What is this some kind of magic trick?
In right-handed people the left side of the brain is the logical side and the right side of the brain is the intuitive side. So it's actually logical that the right hand/left brain handles more mundane, logical and functional tasks, while the left hand/right brain is more in touch with the intuitive side of the brain. Left brain function also includes things you can do without thinking, like putting the key in the lock and opening the door, or putting your foot on the brake when you're driving and need to stop.

In left-handed people it's the other way around. (And they can correctly point out that they're the only ones in their right mind. :))
 
Lefty; though when I was much younger (about 5 or maybe 6?) I used to be Ambidextrous; Doctors accidentally gave me a bit too much of something and it paralyzed me for a brief time, went to Physiotherapy to get it sorted all out. They started w/ my Left side and worked on that side for so long that I became a lefty.
 
What is this some kind of magic trick?
No. It is supposedly, according to the documentary, because the right hemisphere of the brain controls social gestures, and the left hemisphere controls logic, reasoning, practical tasks, so one tends to use each hand differently.
 
I'm left handed but my music teacher had me try/learn on right handed insturments. Turns out I am right handed musically. It is a blessing bc the majority of instruments are for righties so I have access to more instruments bc I can play them rightie.

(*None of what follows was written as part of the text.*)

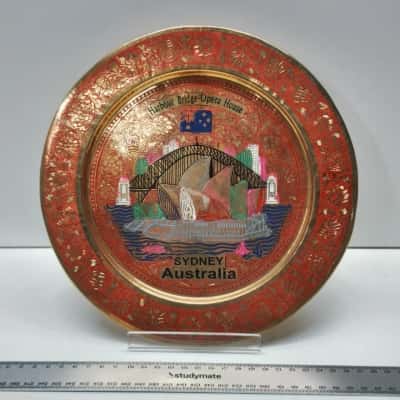 Vintage Souvenir Sydney Australia Harbour Bridge Opera House Brass Plate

Yes your teacher was smart, there is so much more selection of instruments for righties. I play both keyboard and bass. I could have learned either way, but the way I always understood it was that just like a piano where pitches increase from left to right, the pitches on a guitar increase from left to right if played "righty". But since you grasp the neck from below, it did take me some getting used to since on a piano the pitches on the left hand increase from pinky to index finger, but on a guitar it's reverse. Playing lefty that confusion wouldn't exist.

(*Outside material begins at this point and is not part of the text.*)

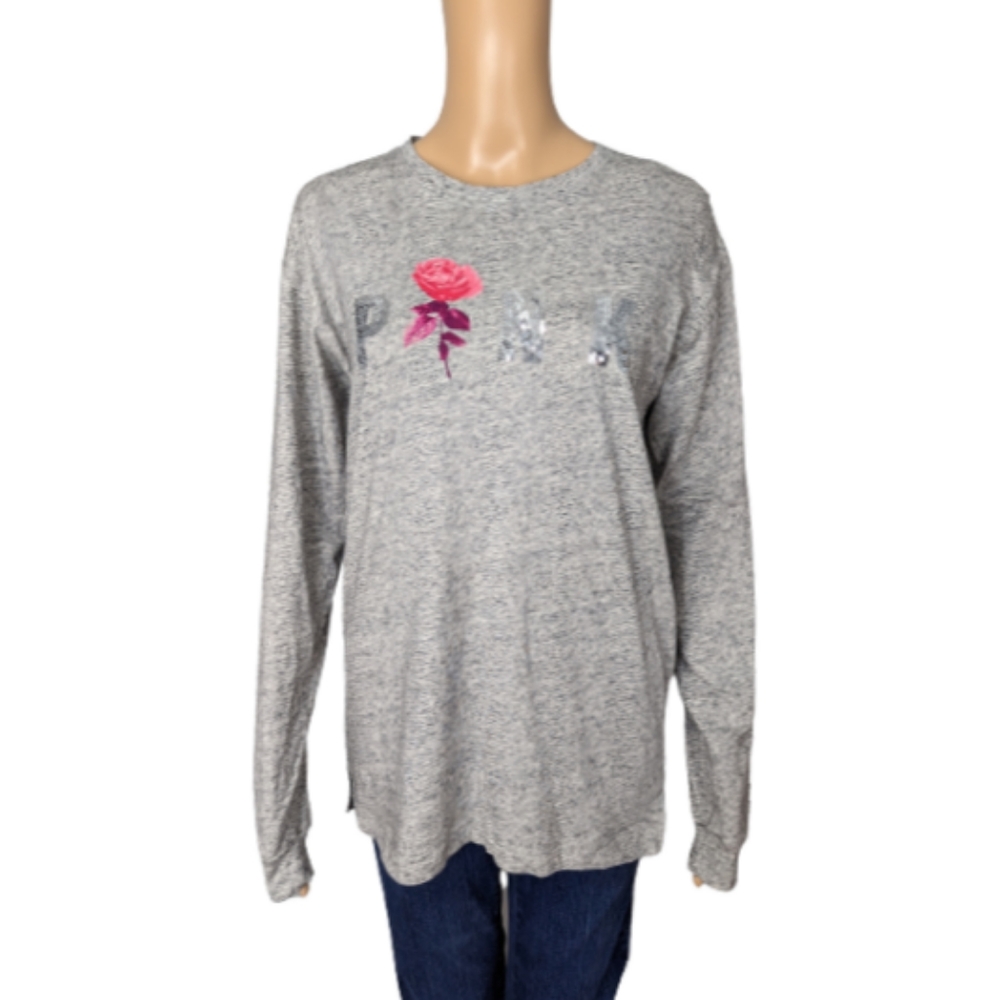 PINK Victoria's Secret Sequin Rose Campus Long Sleeve Tee Size XS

I learned to write righty but do pretty much everything else lefty. Or ambidextrous, many things just go to which hand is available, even using tools or turning a key in a lock. I can type on the full keyboard with the left but is slow with the right. Can use the mouse either way, dial a phone either way, eat, drink, if I smoked I'd hold it with the left. As a kid I skateboarded and was told I rode barkwards or goofyfoot, but once I saw pictures of Tony Hawk riding like me, I dismissed it from being wrong. During my daughter's hunter safety a few years ago, I learned I am left eye dominant, and right hand/left eye dominant they said is a rare combination. I had thought most people were and that's why viewfinders are on the left side of cameras.

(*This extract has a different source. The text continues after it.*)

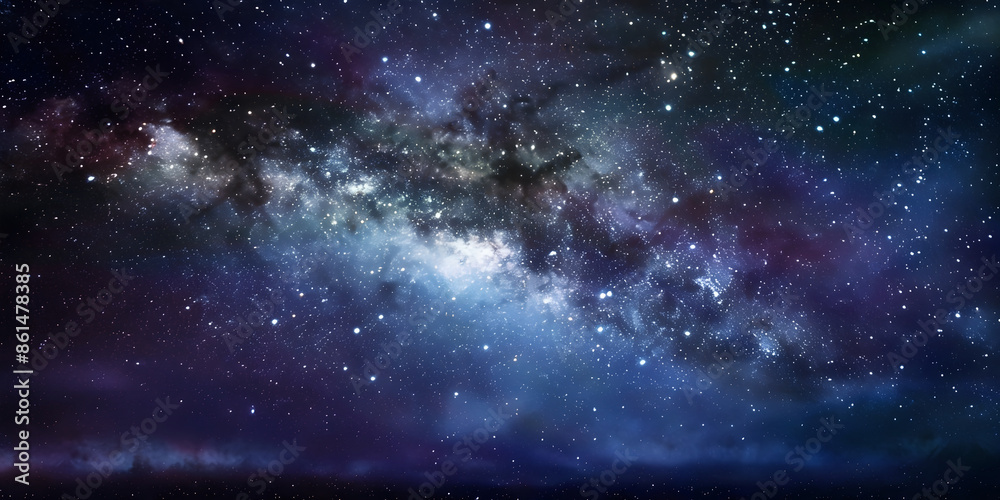 Wall mural the magnificent milky way at night - the milky way in the far distant night sky deep dark blue perfe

In 1997 I broke my right wrist rollerskating and that side was out of commission for 2 months. So I had to do everything with my left hand. It wasn't hard to write lefty, people said I wrote better with my left than they did with their right. I worked with another engineer at the time who only had 1 arm to begin with, so I had some fellowship. But one thing happened. With my right arm being out of service, I started thinking differently. We designed engine transfer machines and I started reading the drawings from left to right instead of right to left. I wondered if this is how lefties think.
 
Predominantly right handed. Right sided really - my right limbs function better than the left ones. With exceptions, asking me to left hand is just disaster waiting to happen.